» What the task asks
A word-for-word reproduction of the data below is needed, with no pictures in it.

» Supplied data
────────────────
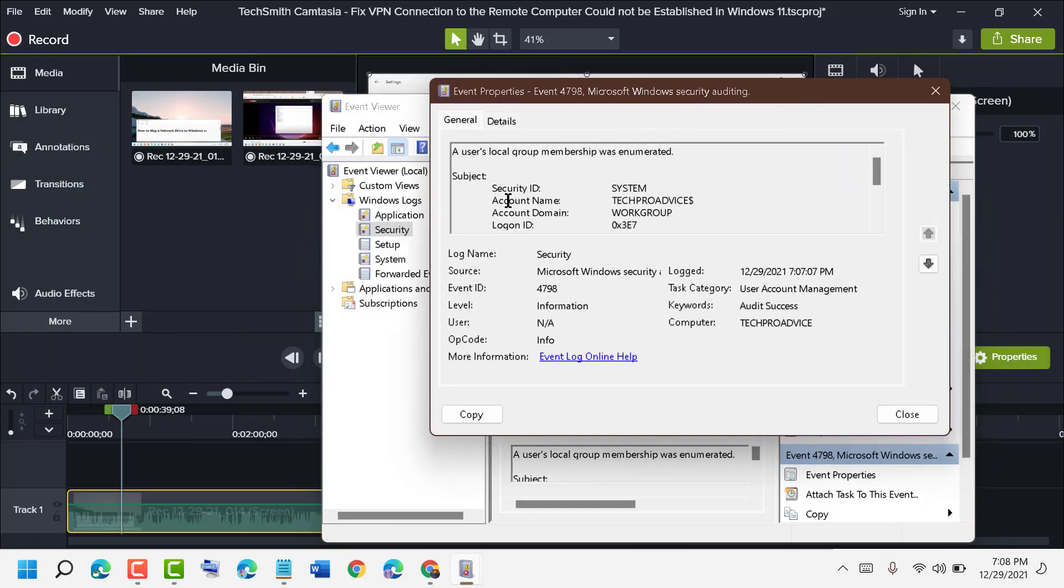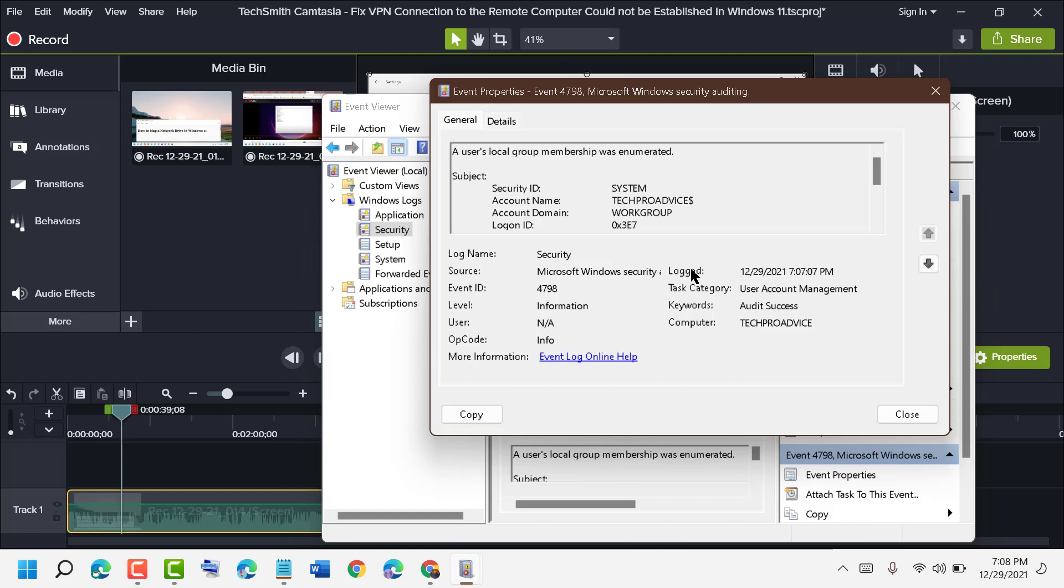information like Security ID, Account Name, Account Domain, login and logged time, and Task Category. This is an easy and quick way to find all login history for your Windows 11 PC or laptop. Thanks for watching, please comment if this video was useful for you.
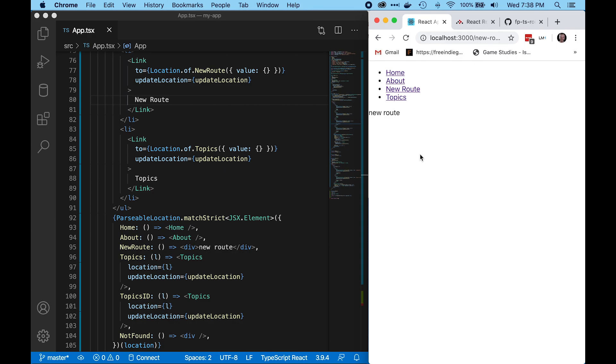You can see how powerful FPTS routing is, but we've only scratched the surface of what it's able to do. Hopefully this tutorial makes you excited to continue the rest of the series.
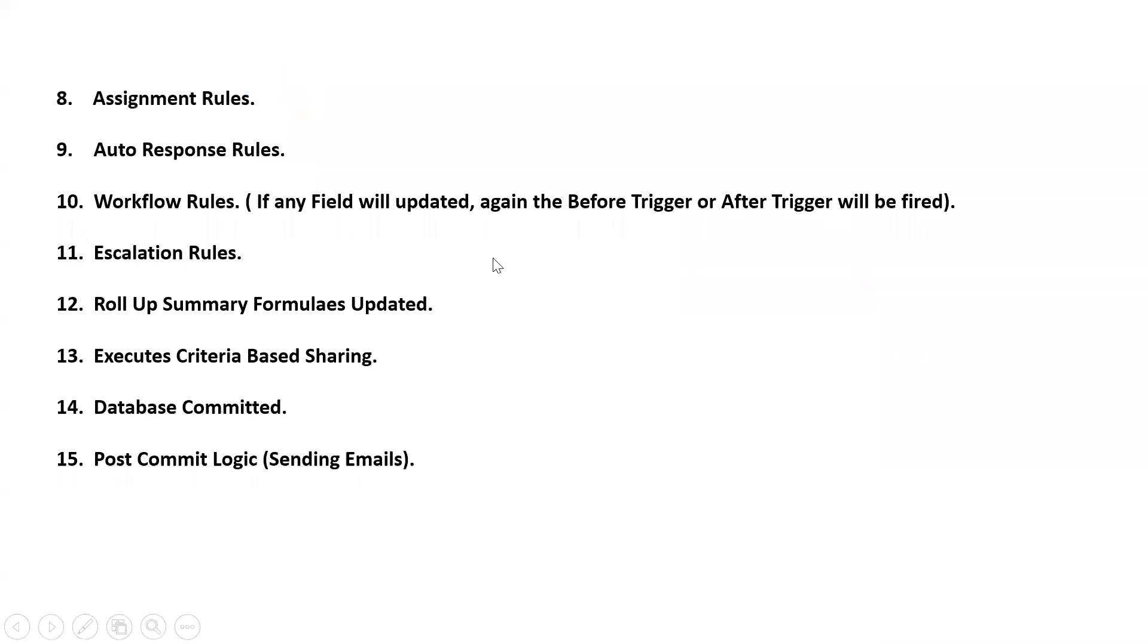After triggers are executed, then the assignment rules if any, and auto-response rules, workflow rules will be executed. By executing these workflow rules, if any field updates are done, again the before trigger and the after trigger will be fired.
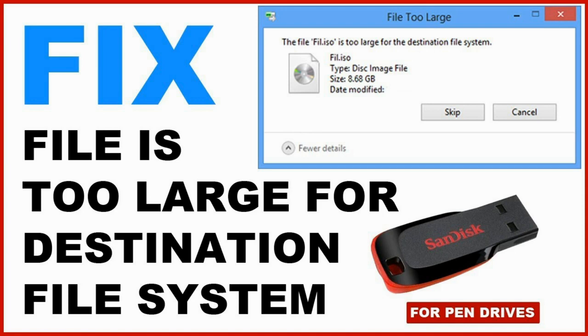If you are getting this error 'The file is too large for the destination file system,' this video is for you because I'm going to show you a fix for this specific error that is absolutely going to help you in the future.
────────────────
» Reply to the exercise
information like Security ID, Account Name, Account Domain, login and logged time, and Task Category. This is an easy and quick way to find all login history for your Windows 11 PC or laptop. Thanks for watching, please comment if this video was useful for you.
You can see how powerful FPTS routing is, but we've only scratched the surface of what it's able to do. Hopefully this tutorial makes you excited to continue the rest of the series.
After triggers are executed, then the assignment rules if any, and auto-response rules, workflow rules will be executed. By executing these workflow rules, if any field updates are done, again the before trigger and the after trigger will be fired.
If you are getting this error 'The file is too large for the destination file system,' this video is for you because I'm going to show you a fix for this specific error that is absolutely going to help you in the future.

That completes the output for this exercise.